Oh, and I'm not really one for drama of any sort, but if I have to see drama in a gaming community I really prefer it to be between the programmers that make the game arguing in public chat about ripping off codebases etc.
Now I'm an admin on the game I played back then. Very few players, and I'm a poor C developer so there are terrible bugs, but it's up and running!
Best thing was that you could access it, along with many other things that you probably shouldn't have been able to, from Pipex's freephone sign-up number (0800 056 2110) so it didn't even cost a penny, which was great for 15-year-old me trying not to land my parents with a huge phone bill.
I guess AI Dungeon is attempting something a bit like that. But what I am thinking is keeping the core as the MUD, which will ensure that game state and things stay consistent.
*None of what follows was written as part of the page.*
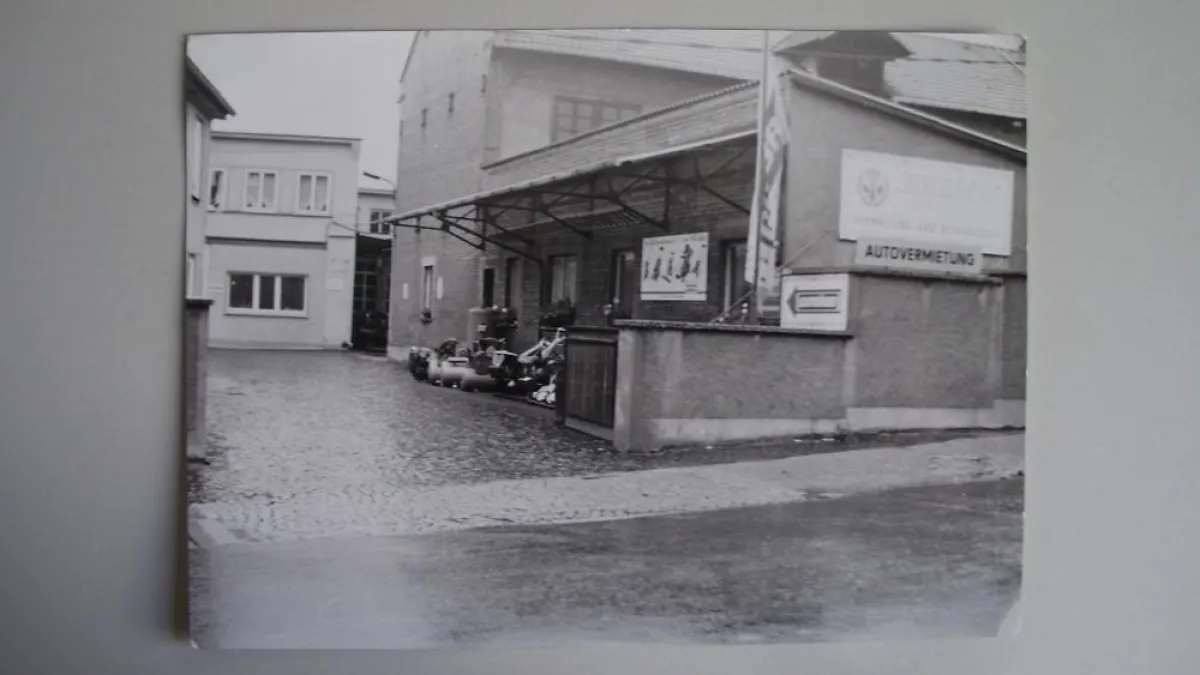 So sah das Autohaus Kramo (Inh. Holger Thiel) zu DDR-Zeiten aus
Then having the AI generate things based on this core state fed as part of each prompt, to add a bit of variety to descriptions, or allow NPCs to have conversations. But always anchored by the world state tracked by the MUD. Except maybe for some random encounters inserted here and there.
That's the biggest issue with AI Dungeon is that it tends to not quite track whats going on properly from one sentence/paragraph to the next. Although they have improved it recently.
A particularly neat part is generating characters with backstories. Now I'm trying to experiment with giving them some personal perspective and autonomy.
I haven't actually tried to move the data into a running game... I'd like to but I feel like I'm going to put it off indefinitely :-/
The "interface" can vary. For example, you can give it a bunch of SQL DDL definitions with descriptive table and field names and tell it that it can query that database as needed. When it works, it can get really impressive - I've seen it do inner queries and joins, and it routinely uses ORDER BY and LIMIT. But then sometimes it just mixes up fields from different tables even in very simple queries (although if you respond with "ERROR: no such field" etc, it can usually self-correct), and it can sometimes interpret the results in creative ways. The approach where it has to query for stuff one by one in a simple well-defined format is much more reliable.
There are lots of online emulators for old computers https://www.livingcomputers.org/Online-Resources/Online-Emul...
Well the real next best thing is buying and using actual old computers.
(never did save up enough to buy wings, though)
Especially on Windows you'd be better off using PuTTY or TinTin++ to connect, since Microsoft's telnet is pretty much broken:
It's still the game I play the most, and for the hardcore it's easy to run the client in tmux on a VPS and be active constantly, all day, every day, from phone or bigger computer.
MUDs were my first exposure to a C-like language (LPC) and are where I learned to program to a reasonable standard. I still remember a CS major helping me learn recursion when I was still in high school.
Anyway, I loved playing the Dune MUD in 1997-1998 in my first years at university.